I KNOW THIS. During first year, basically every medical student is shown the following picture of the umbilical cord:
Basically every medical student remembers this picture because of its uncanny resemblance to a cracked-out face. For some reason I also remembered that “Wharton’s Jelly” was the name of the intervening goo.
“WHARTON’S JELLY!” I answered confidently, still with no idea where this was going. The hematology fellow gave an approving nod.
“And what is Wharton’s Jelly made of?” the attending continued.
No idea. Time to make shit up! “Glycosaminoglycans and extracellular matrix?”
The attending, already prepared to move on to whatever quick lecture he had planned, stopped suddenly. “N… no. What? No. It’s mesenchymal stem cells, Nate, stem cells. We are the stem cell service.”
Should have known, I guess?
He then proceeded to lecture me on why mesenchymal stem cells could be used in graft vs host disease. Sure. Cool story bro. (The nerd in me was, actually, thinking, “cool!”)
After seeing the patient we walked to the next room. “Nate” – my blood ran a little cold at this point – “this patient has a spinal cord tumor. What spinal tract controls motor function?”
“The corticospinal tract.” My neurology clerkship director would be proud.
“Good. What about pain?” “The spinothalamic tract.”
This went on for three or four minutes, him pimping me on basic spine anatomy, which I violently hate, and me batting about 35%. The nurse practitioner looked at me sympathetically as I got yet another question wrong (on the rubrospinal tract, which if you care is a thoroughly useless tract with no real function whatsoever*).

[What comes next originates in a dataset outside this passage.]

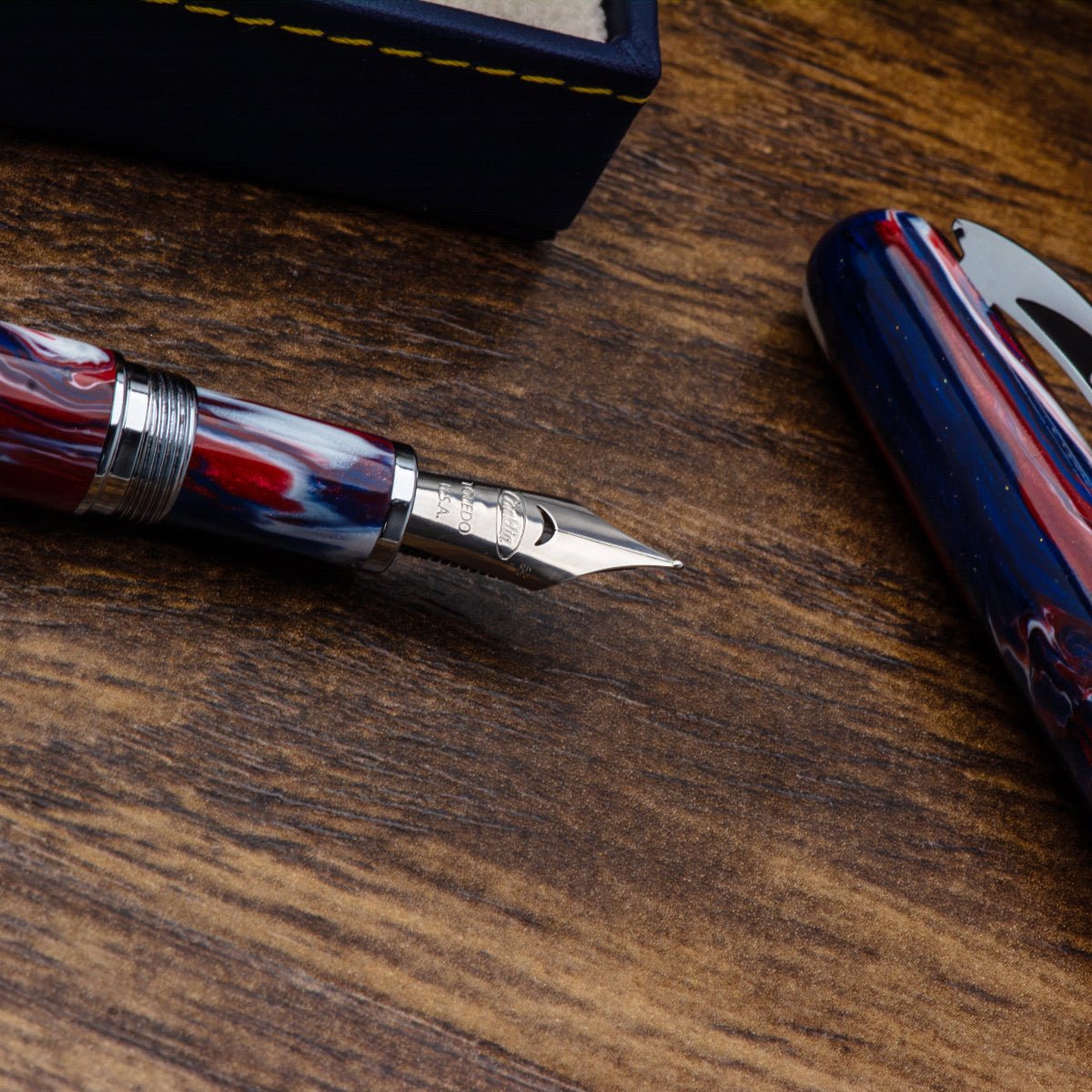 Conklin Streamline Fountain Pen - USA 250 - Chrome Trim (Limited Edition) - Pen Boutique Ltd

Did this have anything to do with stem cells? No. No it did not. We are the stem cell service, but we are going to pimp the med student on vestigial bundles of neurons that are only important in kangaroos.**
*The rubrospinal tract is a small bundle of nerve fibers that go from the spinal cord to a small area in the brainstem called the “red nucleus.” The entire purpose of the red nucleus is that it is red. Seriously. It is physically a red circle. It probably does things. This is why it is a named thing.
**I have no idea if the kangaroo thing is true. I just know it is a useless pathway in humans.
No one knows or remembers this pathway because it is not an important thing to remember. In fact, if you google “rubrospinal tract” and click the first non-Wikipedia result, you get a 404 error. I am not making this up. I have no idea why I was pimped about it. It has nothing to do with stem cells, as far as I know.
Anyway. As we moved to the next patient’s room I could feel a cold bead of nervous sweat sliding down the middle of my back.
“Nate,” god. damn. it. “Nate, are you listening? Why does this patient with a recent stem cell infusion have back pain and leg weakness?”
I had no idea, but, you know, it’s the stem cell service so it probably has something to do with that. I’ve learned this week that when questioned on transfusions, the answer is usually “minor antigen mismatch,” for reasons still unknown to me. So that’s what I said.
“He had a minor antigen mismatch?”
My attending looked vaguely pleased with himself. “No. He has steroid myopathy. Steroid myopathy, Nate. He is on two grams of methylprednisolone. That is a lot of methylprednisolone!” He grinned widely. “So, what causes steroid myopathy?”
I gave up. “I have no idea.”
The attending grinned. “Correct!” He walked away.
What? The hematology fellow leaned toward me as we followed the attending and whispered, “No one knows what it means. But it’s provocative.”
Without missing a beat, my 50-year-old attending looked over his shoulder and finished, “Gets the people going.”
#ballsohard
HAHAHAHAHAHAHAHAH!! You have been seriously pimped!